だからそんな自分を責めるために、化けて出てきたのだろうと。
罪を告白したなら、きっと許されると思った。
なのに……何故。
アデルは気付かない。
マリーの亡霊は、アデルの幻覚だ。
マリーの怨嗟の声も、幻聴だ。
全て、アデル自身が持つ罪悪感と、後悔と、悲しみが見せる幻である。
アデルとマリーは、本当の姉妹のように育った。
マリーは心からアデルを愛し、大切にしていた。
アデルは確かに、マリーを見下していた。
自分の引き立て役だと、そう思っていた。
けれど。
それ以上に、アデルはマリーを慕っていたのだ。
時に友として、時に姉のように、そして時に母のような優しさで、マリーはアデルを包んでくれた。

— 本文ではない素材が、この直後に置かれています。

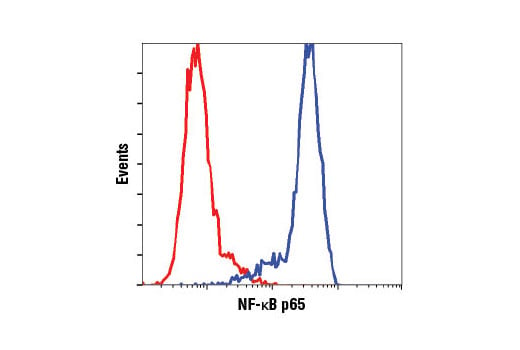 undefined Image 11: PhosphoPlus<sup>®</sup> NF-κB p65/RelA (Ser536) Antibody Duet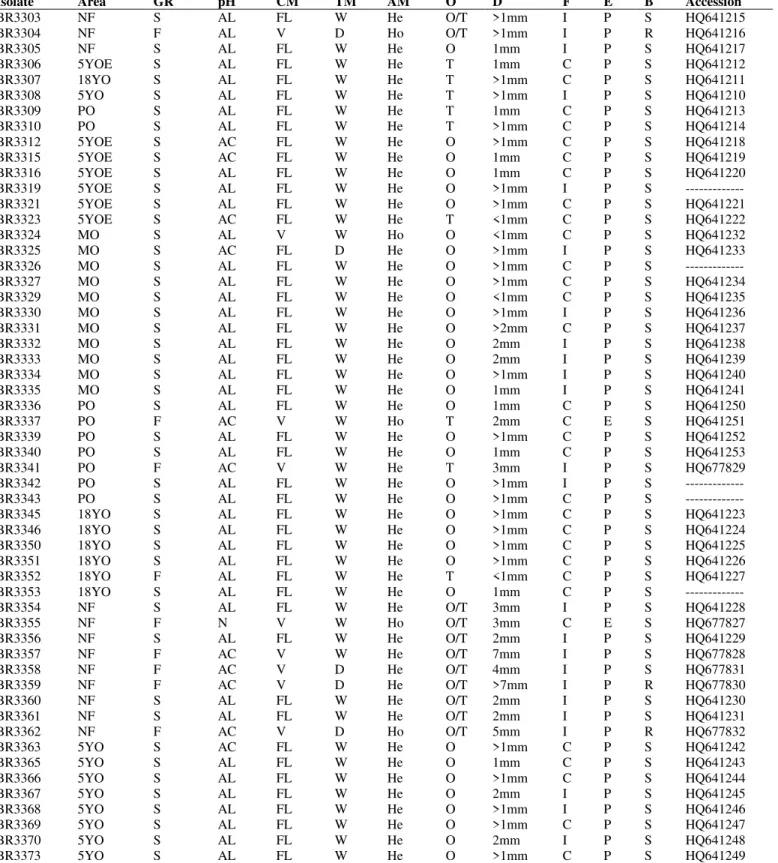 Table 1. The origin, cultural and morphological characteristics and access number in the Gene bank of the Amazon isolates analyzed by  ARDRA and/or 16S rRNA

マリーの存在は、アデル自身が思うよりずっとずっと、アデルの人生、心、魂に至るまで、深く深く入り込んでいた。
アデルにとってマリーは、かけがえのない存在だったのだ。
あまりに近くに居た為に、その大切さに気付かなかった。
いや、今尚気付いていない。
アデルの深層心理にあるマリーを惜しむ気持ちが、亡霊となって現れたのだ。
それでも、アデルが自分の本当の心に気付かない今の方が、幸せかもしれない。
例え亡霊に怯え続けることになっても。
彼女が本当の自分の心に気が付いたなら、もう耐えることは出来ないだろうから。